И  да и нет; обряд, исполненный эротики и лиризма, Осокин действительно выдумал. А народ меря действительно был и лишь в XVIII веке растворился в складывающихся великороссах.


Но растворился — не значит исчез бесследно; остался с нами и в нас фольклорными мотивами, суевериями, генами и в языке. 

И если киномеряне - фантазия Осокина-писателя, то других древних соседей мери, живущих вдоль Волги-реки, Осокин-фольклорист и этнограф регулярно наве­щает вживую. В одно из своих путешествий по сказочному, языческому Поволжью Денис Осокин взял корреспондента «РР».

Речник

Небольшого роста плотный человечек, розоволицый и одетый во все оливково-травянисто-зеленое, встречает меня на Казанском вокзале. В Осокине есть что-то от симпатичного крепкого гриба.

По тропинке сквозь замусоренный кустарник пробираемся к запущенной набережной. Казань — все-таки азиатский город, к реке стоит спиной. Волга здесь не слишком поражает воображение — невзрачное, хоть и обширное водяное зеркало, ни тебе живописности, как в Нижнем, ни великолепной мощи, как в Самаре или Саратове. Но Осокин смотрит на реку влюбленно.

— У меня дядя был речник, как-то раз я лето провел у него на судне — самое лучшее лето детства, — говорит он.

Речная фамилия Осокин, дядя-речник, книга и фильм «Овсянки» о путешествии к реке, принесшие Денису мировую известность: любовь Осокина и Волги определенно взаимна.
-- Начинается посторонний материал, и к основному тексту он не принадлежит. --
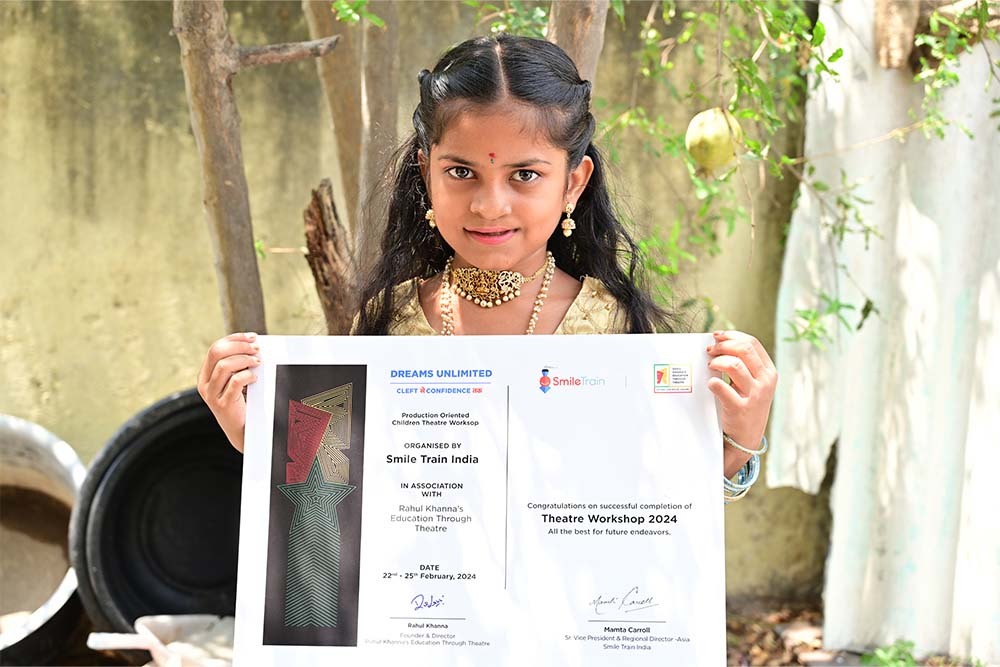 Pravallika smiling and holding certificate after cleft surgery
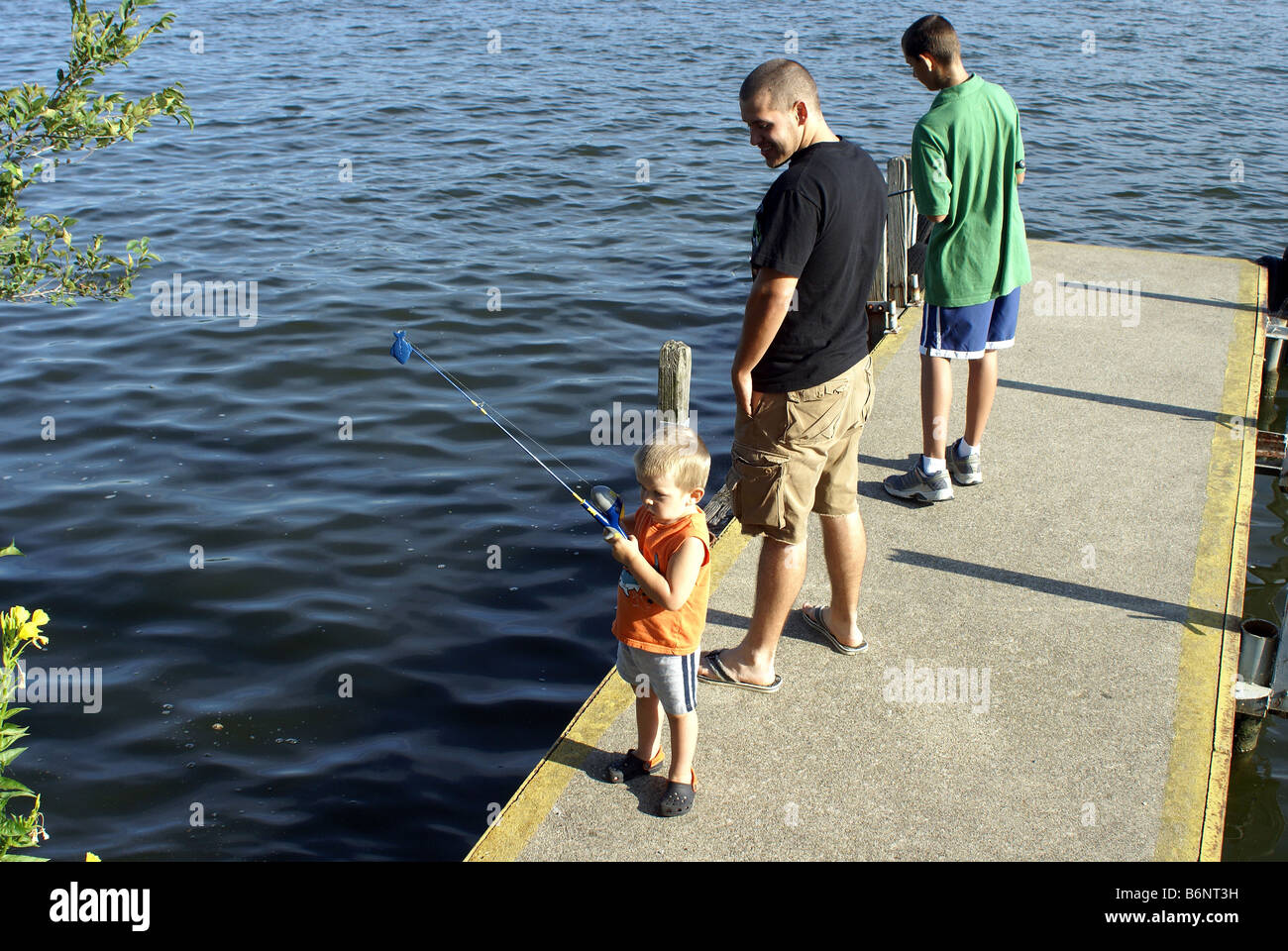 Watching Toddler Fishing Stock Photo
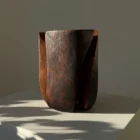 Wabi sabi walnut wood vase with deep black finish and warm brown undertones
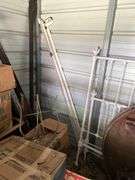 Tubs of misc and boxes of misc -pedestal table -wrought iron bed with rails -lamps-rugs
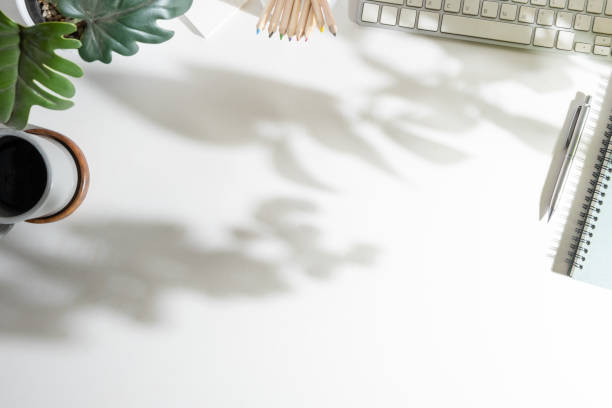 istock White office desk with keyboard, coffee cup, notepad and potted plant. Copy space for your text. 1500756156
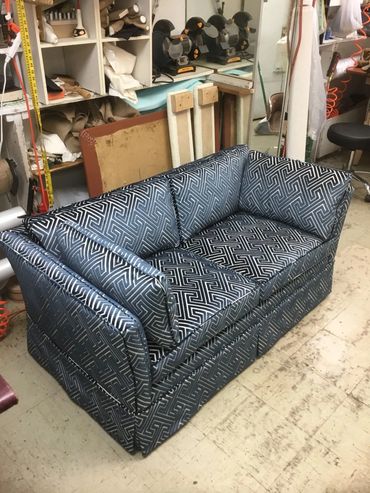 grey color sofa in a room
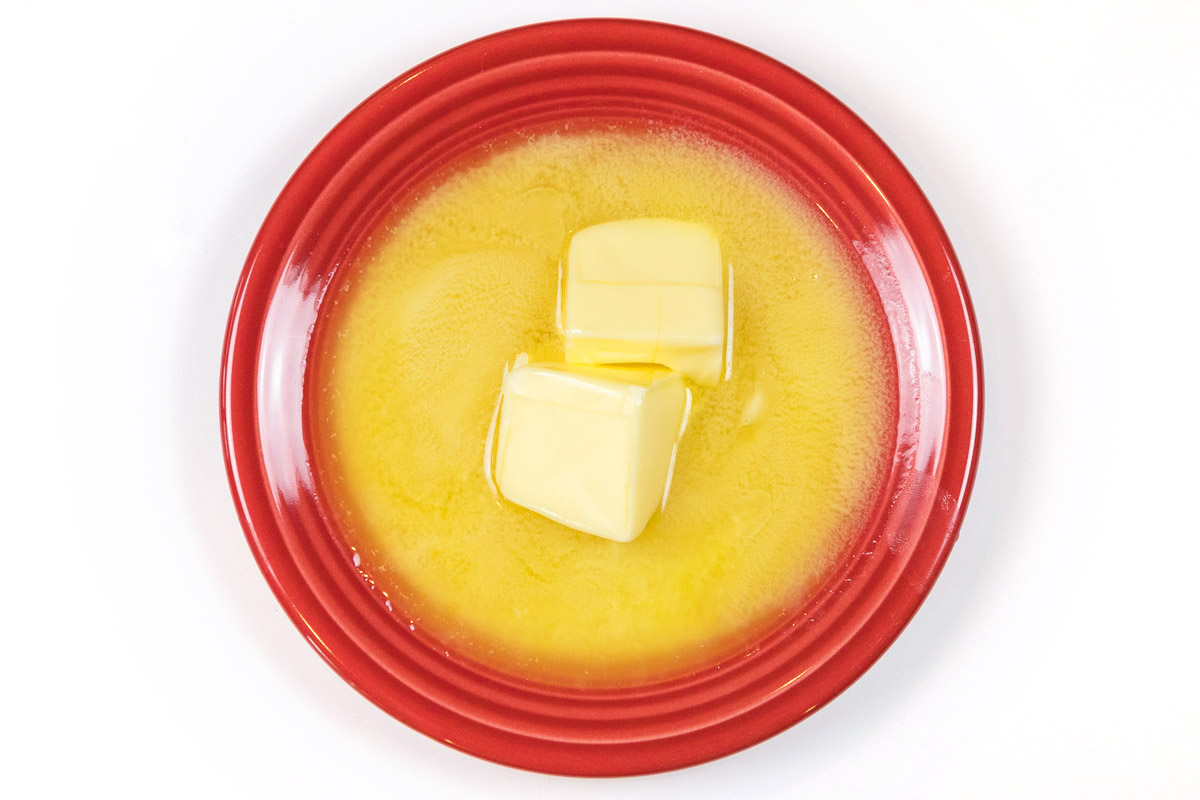 Soften one-half cup of butter in the microwave for about ten to twenty seconds. Please keep an eye on the butter while it is in the microwave.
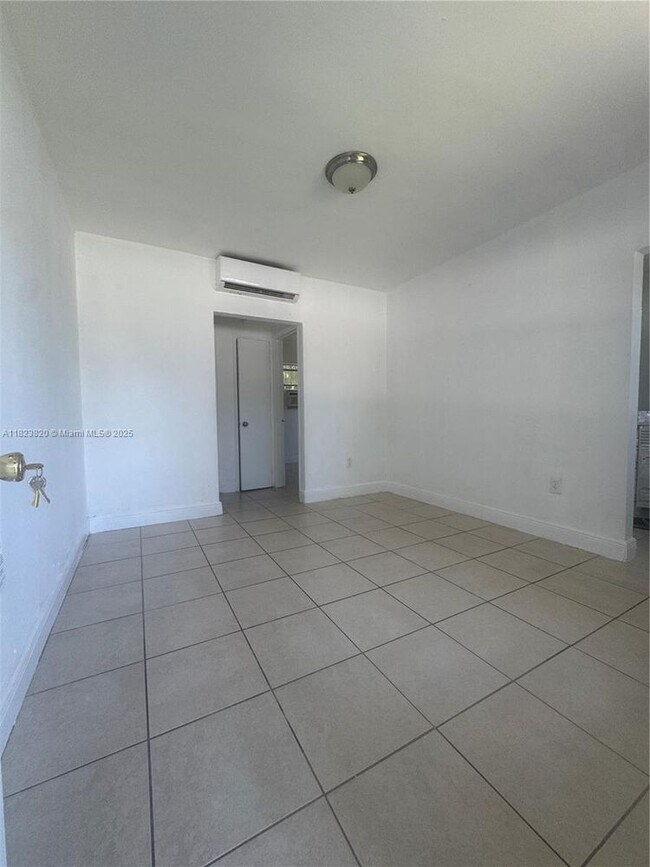 Building Photo - 1590 NW 56th St
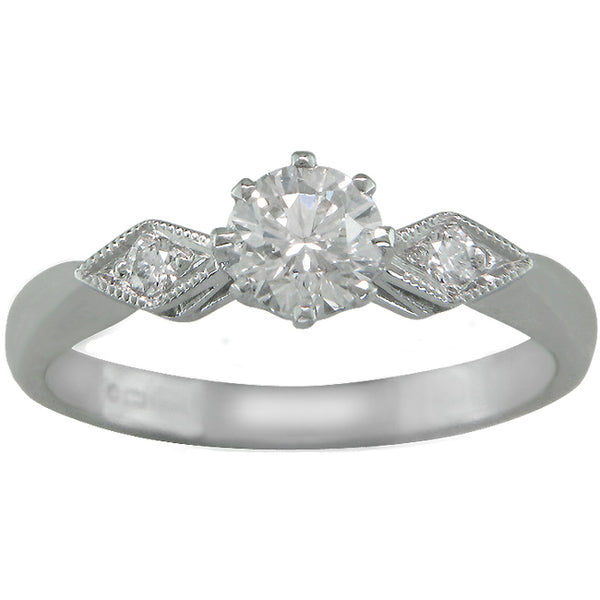 Art Deco style white gold ring with diamond-shape shoulders
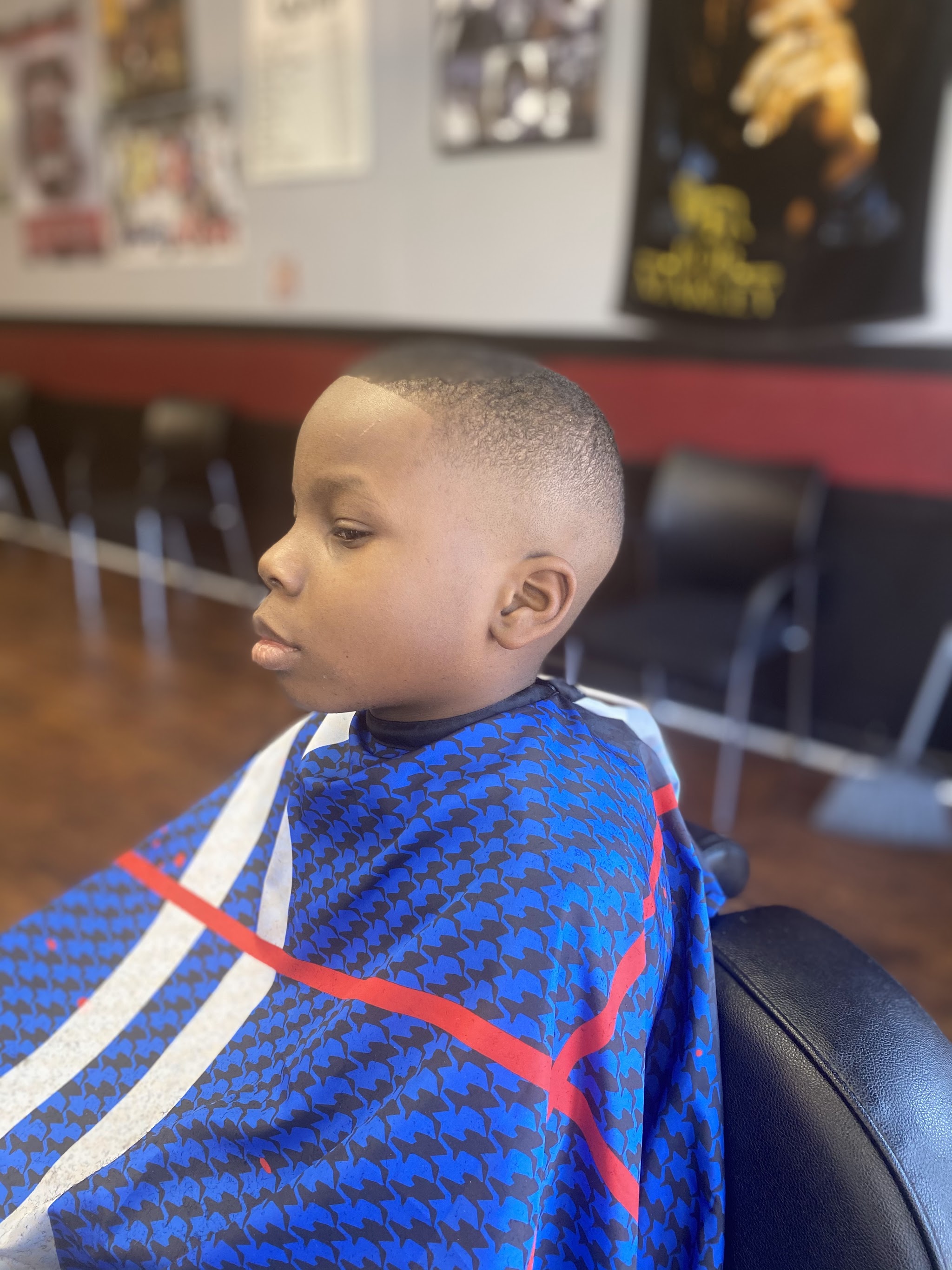 A kid in the chair with a fresh fade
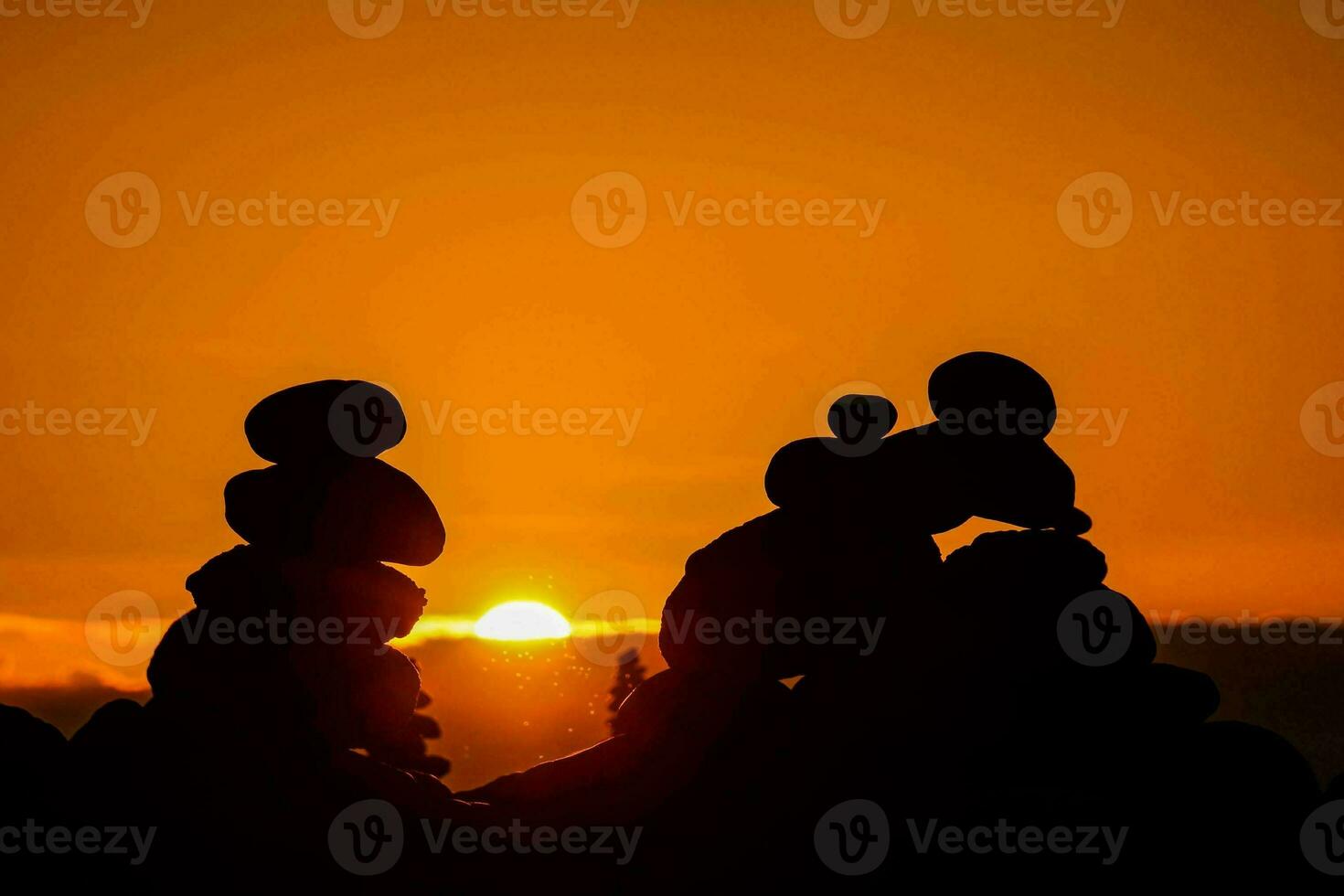 the sun setting over a pile of rocks photo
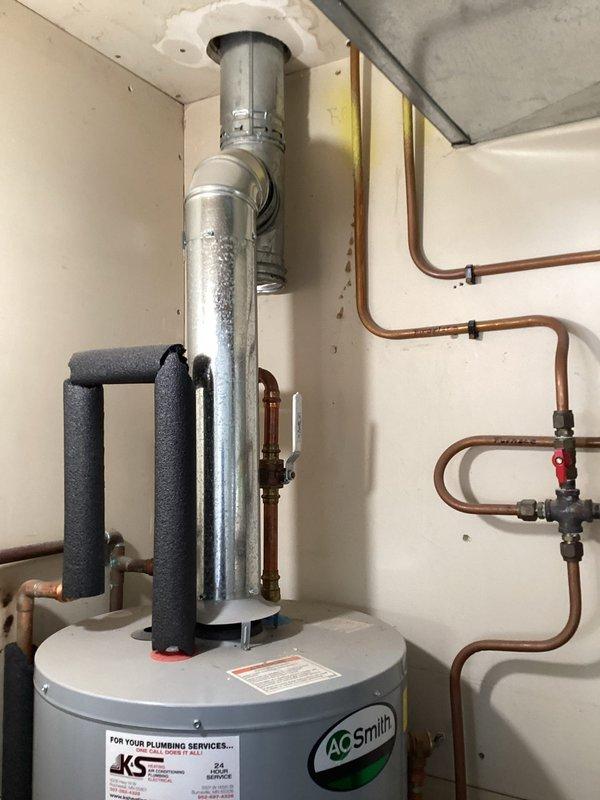 Responded to service call for leaking water heater. Upon arrival, assessed AO Smith tanked water heater and confirmed active leak requiring full unit replacement. Removed existing failed water heater and installed new AO Smith residential water heater unit with proper venting through ceiling exhaust system. Connected copper supply lines with appropriate shut-off valves and pressure relief valve. Installed insulated hot and cold water lines and verified all connections to existing plumbing manifold system. Ensured proper clearances around water softener unit and coordinated piping configuration with existing pressure gauge and water meter. Tested all connections for leaks, verified proper venting operation, and confirmed water heater functionality before completing installation.
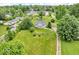Aerial view showcasing a home with a large front lawn, mature trees, and a long gravel driveway at 1130 E 105Th St, Carmel, IN 46280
Интерес к фольклору, особенно финно-угорскому, у него с детства. А в аспирантуре Сыктывкарского университета Осокин писал диссертацию о травах у финно-угров. И финно-уграм и их растениям Денис верен до сих пор. Сейчас в работе у тандема Денис Осокин — Алексей Федорченко (режиссер) второй полнометражный фильм «Небесные жены луговых мари», который состоит из пары десятков новелл на основе уже настоящих обычаев и сказаний народа мари.

— К марийцам мы обязательно заедем, — обещает Осокин, когда мы садимся в старенькую «Таврию» и отправляемся в путь.

Злой Керемет и танцы на кладбище

— Там Керемет, — сорокалетний Леонид Сапожников, по-удмуртски Асан Леня, указывает на пруд напротив своего дома. — Нехорошее место…

Удмуртская деревня Сырья, Республика Татарстан, стоит на речке Арборке бассейна Волги, которая сейчас маловодна и почти не видна в овраге. Над оврагом парят вороны, на въезде в деревню машина рассекает белоснежное стадо гусей. По левую сторону улицы родник и пруды.

— Видите, там дом стоит заброшенный? Его построил мой сосед к свадьбе сына. Но жизнь у молодых не заладилась, невестка уехала, сын уехал, а сосед ушел прежде времени. Там раньше резали животных в жертву злому духу. Там Керемет.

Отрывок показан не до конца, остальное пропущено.